Velocity Reviews - Computer Hardware Reviews

Velocity Reviews > Newsgroups > Programming > Ruby > Unpacking signed shorts and integers with specified endianness

Reply
Thread Tools

Unpacking signed shorts and integers with specified endianness

 
 
Phrogz
Guest
Posts: n/a
 
      06-18-2007
I'm deciphering a byte-based binary file structure which can be stored
in either big or little endian. (The first byte of the file describes
the format.) Among others, some of the fields are UINT32 (unsigned 4-
byte integers), and some are INT32 (signed 4-byte integers).

I know about BitStruct, but was trying to roll my own solution using
String.unpack. (The file format has nested and repeating sections in
it.) Given that I know exactly how many bytes I want for each field
and whether the file is big or little endian, I thought it would be
easy to pick a specific unpack character for each field. However,
reading through the String.unpack docs, I can't find something that
corresponds to signed 2-byte and 4-byte integers for a given
endianness.

Here's what I see (ASCII art ahead):
| signed | unsigned |
bytes | big | little | big | little |
------+-------+--------+-------+--------+
1 | c | C |
2 | ? | ? | n | v |
4 | ? | ? | N | V |

1) I see "l" (lowercase L) which is 4 bytes treated as a signed
integer...but in 'native' endian order. Does String.unpack not provide
a way to unpack a 4-byte signed integer with a specified endianness?

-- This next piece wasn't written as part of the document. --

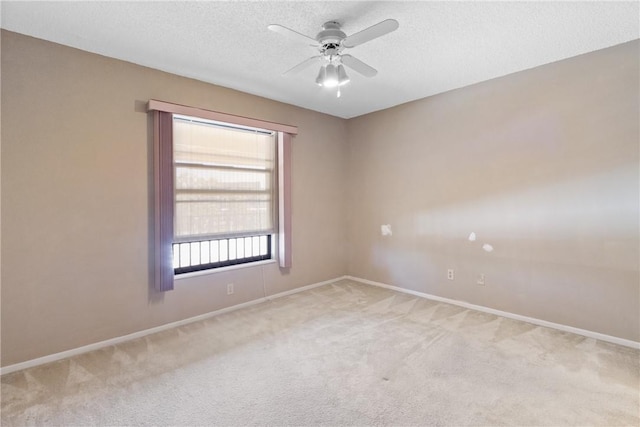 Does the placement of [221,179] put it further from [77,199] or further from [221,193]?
[77,199]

2) I see "s" which is 2 bytes treated as a signed integer...but in
'native' endian order. Does String.unpack not provide a way to unpack
a 2-byte signed integer with a specified endianness?

(The file format doesn't actually use any signed 2-byte integers, but
I wanted to include them for completeness.)

 
Reply With Quote
 
 
 
 
Phrogz
Guest
Posts: n/a
 
      06-19-2007
On Jun 18, 4:32 pm, Phrogz <(E-Mail Removed)> wrote:
> 1) I see "l" (lowercase L) which is 4 bytes treated as a signed
> integer...but in 'native' endian order. Does String.unpack not provide
> a way to unpack a 4-byte signed integer with a specified endianness?
>
> 2) I see "s" which is 2 bytes treated as a signed integer...but in
> 'native' endian order. Does String.unpack not provide a way to unpack
> a 2-byte signed integer with a specified endianness?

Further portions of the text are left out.